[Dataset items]
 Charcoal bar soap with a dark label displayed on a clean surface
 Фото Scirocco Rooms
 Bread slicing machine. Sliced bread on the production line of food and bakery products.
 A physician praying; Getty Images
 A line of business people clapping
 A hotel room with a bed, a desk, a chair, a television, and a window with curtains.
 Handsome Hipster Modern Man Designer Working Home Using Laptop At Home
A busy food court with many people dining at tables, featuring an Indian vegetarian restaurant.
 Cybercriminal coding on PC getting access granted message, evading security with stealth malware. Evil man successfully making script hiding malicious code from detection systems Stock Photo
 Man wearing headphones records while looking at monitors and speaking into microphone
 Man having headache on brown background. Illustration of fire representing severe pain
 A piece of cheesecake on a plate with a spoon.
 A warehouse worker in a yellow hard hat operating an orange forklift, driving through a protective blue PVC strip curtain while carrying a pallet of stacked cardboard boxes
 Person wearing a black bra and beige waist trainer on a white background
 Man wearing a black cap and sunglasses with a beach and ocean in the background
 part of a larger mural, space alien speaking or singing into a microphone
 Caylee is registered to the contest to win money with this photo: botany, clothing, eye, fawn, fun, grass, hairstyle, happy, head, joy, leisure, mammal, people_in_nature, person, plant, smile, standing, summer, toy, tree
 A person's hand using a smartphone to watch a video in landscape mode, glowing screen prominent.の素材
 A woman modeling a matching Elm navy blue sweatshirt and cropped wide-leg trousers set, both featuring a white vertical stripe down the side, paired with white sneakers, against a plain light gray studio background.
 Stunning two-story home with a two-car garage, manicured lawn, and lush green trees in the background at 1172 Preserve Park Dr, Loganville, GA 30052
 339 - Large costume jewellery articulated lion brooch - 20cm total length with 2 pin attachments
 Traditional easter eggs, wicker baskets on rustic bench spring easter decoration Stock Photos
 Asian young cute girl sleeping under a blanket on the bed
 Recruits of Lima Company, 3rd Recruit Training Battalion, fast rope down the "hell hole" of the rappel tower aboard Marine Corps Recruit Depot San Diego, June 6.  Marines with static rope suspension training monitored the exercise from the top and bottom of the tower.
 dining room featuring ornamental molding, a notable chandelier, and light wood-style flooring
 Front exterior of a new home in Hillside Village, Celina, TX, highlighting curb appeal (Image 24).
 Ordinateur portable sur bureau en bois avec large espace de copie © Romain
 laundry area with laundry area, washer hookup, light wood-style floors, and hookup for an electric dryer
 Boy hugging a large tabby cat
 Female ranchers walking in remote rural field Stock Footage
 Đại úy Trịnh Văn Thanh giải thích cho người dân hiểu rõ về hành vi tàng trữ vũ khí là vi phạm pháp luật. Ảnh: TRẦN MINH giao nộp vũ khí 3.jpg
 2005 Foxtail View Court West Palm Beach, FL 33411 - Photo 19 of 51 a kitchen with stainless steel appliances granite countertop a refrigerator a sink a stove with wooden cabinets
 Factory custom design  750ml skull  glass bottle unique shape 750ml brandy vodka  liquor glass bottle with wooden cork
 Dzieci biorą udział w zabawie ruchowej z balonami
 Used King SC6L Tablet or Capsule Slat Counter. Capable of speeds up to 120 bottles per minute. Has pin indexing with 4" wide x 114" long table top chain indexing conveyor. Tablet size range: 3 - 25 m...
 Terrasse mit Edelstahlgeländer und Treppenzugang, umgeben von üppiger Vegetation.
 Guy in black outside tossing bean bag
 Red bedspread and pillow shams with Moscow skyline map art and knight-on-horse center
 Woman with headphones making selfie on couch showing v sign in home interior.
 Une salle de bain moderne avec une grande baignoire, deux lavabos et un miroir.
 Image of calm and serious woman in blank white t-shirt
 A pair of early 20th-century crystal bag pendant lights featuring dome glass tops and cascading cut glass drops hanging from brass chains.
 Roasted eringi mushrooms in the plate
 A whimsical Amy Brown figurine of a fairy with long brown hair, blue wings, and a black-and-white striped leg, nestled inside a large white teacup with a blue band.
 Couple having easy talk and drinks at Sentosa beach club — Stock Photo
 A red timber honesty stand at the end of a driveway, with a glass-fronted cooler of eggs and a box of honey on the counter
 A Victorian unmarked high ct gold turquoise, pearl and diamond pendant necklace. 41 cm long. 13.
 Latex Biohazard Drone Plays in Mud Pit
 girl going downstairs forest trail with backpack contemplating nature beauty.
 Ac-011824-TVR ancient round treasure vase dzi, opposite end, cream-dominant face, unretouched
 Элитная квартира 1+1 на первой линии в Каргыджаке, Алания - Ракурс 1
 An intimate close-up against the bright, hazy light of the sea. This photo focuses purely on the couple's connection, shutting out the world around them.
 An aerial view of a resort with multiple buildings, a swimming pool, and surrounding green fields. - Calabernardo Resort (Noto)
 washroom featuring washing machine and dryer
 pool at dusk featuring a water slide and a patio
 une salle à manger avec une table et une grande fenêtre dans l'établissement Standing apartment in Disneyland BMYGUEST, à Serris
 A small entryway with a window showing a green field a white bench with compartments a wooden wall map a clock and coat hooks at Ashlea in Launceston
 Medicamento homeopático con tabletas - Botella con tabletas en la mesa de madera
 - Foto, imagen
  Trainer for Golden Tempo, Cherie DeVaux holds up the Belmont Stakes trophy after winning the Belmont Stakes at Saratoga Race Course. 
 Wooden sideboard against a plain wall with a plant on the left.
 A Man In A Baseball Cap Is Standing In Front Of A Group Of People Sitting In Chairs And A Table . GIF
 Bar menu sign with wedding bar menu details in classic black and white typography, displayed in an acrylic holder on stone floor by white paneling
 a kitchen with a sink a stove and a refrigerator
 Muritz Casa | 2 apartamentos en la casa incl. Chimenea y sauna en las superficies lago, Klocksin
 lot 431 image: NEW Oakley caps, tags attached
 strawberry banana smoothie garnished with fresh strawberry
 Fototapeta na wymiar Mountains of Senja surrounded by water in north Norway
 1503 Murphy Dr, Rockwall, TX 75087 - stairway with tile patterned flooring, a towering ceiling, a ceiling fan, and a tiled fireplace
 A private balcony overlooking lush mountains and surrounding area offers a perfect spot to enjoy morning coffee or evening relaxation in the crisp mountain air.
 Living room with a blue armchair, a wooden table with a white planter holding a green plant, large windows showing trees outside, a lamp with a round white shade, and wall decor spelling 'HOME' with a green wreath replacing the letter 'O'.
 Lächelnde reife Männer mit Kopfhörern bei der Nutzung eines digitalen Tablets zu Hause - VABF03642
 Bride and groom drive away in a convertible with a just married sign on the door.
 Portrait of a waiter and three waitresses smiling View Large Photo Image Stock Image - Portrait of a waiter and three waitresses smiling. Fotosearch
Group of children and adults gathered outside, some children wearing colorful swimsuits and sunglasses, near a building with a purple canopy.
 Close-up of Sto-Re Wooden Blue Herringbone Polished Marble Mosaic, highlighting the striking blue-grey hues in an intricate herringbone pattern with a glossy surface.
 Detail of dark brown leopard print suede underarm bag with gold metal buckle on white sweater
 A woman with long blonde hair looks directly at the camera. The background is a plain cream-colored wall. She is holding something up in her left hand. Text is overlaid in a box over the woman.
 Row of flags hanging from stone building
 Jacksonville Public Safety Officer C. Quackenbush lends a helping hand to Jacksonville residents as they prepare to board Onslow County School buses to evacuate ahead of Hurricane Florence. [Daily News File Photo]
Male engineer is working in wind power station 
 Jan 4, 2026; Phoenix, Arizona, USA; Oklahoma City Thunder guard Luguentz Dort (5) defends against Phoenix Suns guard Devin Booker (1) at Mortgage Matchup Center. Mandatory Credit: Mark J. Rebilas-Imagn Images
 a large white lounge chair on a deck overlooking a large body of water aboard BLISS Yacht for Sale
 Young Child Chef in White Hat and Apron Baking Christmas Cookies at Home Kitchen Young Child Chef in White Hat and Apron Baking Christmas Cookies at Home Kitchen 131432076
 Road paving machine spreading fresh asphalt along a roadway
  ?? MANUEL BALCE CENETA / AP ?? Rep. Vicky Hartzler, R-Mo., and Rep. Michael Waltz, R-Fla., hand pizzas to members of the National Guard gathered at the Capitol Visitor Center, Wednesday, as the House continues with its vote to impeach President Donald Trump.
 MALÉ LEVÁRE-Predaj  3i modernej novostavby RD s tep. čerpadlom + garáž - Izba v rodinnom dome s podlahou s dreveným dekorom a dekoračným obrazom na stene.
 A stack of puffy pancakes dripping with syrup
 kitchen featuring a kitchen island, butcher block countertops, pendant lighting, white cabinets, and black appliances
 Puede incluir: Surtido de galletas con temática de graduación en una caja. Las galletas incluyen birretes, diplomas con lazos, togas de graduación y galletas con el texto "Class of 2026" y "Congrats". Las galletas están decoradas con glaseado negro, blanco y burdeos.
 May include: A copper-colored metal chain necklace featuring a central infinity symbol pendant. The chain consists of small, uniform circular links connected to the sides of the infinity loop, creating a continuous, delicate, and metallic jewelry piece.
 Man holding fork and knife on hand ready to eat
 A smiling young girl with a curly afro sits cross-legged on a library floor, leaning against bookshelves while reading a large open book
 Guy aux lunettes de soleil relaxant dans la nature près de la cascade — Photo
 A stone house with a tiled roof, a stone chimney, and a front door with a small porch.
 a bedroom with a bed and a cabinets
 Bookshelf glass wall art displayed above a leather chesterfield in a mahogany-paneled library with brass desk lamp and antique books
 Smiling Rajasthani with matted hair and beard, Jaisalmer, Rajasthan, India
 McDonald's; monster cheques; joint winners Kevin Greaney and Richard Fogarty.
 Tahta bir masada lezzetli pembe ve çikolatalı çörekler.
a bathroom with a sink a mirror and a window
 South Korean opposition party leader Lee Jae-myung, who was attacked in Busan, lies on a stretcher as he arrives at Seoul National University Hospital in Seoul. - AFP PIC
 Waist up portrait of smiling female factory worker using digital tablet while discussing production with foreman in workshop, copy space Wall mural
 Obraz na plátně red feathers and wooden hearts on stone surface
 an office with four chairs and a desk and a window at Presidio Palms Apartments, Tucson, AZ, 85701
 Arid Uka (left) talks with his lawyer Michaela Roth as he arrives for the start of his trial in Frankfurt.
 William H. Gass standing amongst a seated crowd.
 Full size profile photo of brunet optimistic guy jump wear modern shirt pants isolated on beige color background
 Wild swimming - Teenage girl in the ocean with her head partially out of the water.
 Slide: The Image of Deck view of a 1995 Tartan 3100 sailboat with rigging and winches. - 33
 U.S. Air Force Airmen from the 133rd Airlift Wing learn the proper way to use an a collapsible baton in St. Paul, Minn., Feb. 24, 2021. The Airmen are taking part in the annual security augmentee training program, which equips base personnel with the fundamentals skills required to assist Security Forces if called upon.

### REQUIRED ACTION
Once you reach the line with "Man wearing headphones" in the data above, copy it and every line after it exactly, up to and including the line with "339 - Large".

### WRITTEN REPLY
 Man wearing headphones records while looking at monitors and speaking into microphone
 Man having headache on brown background. Illustration of fire representing severe pain
 A piece of cheesecake on a plate with a spoon.
 A warehouse worker in a yellow hard hat operating an orange forklift, driving through a protective blue PVC strip curtain while carrying a pallet of stacked cardboard boxes
 Person wearing a black bra and beige waist trainer on a white background
 Man wearing a black cap and sunglasses with a beach and ocean in the background
 part of a larger mural, space alien speaking or singing into a microphone
 Caylee is registered to the contest to win money with this photo: botany, clothing, eye, fawn, fun, grass, hairstyle, happy, head, joy, leisure, mammal, people_in_nature, person, plant, smile, standing, summer, toy, tree
 A person's hand using a smartphone to watch a video in landscape mode, glowing screen prominent.の素材
 A woman modeling a matching Elm navy blue sweatshirt and cropped wide-leg trousers set, both featuring a white vertical stripe down the side, paired with white sneakers, against a plain light gray studio background.
 Stunning two-story home with a two-car garage, manicured lawn, and lush green trees in the background at 1172 Preserve Park Dr, Loganville, GA 30052
 339 - Large costume jewellery articulated lion brooch - 20cm total length with 2 pin attachments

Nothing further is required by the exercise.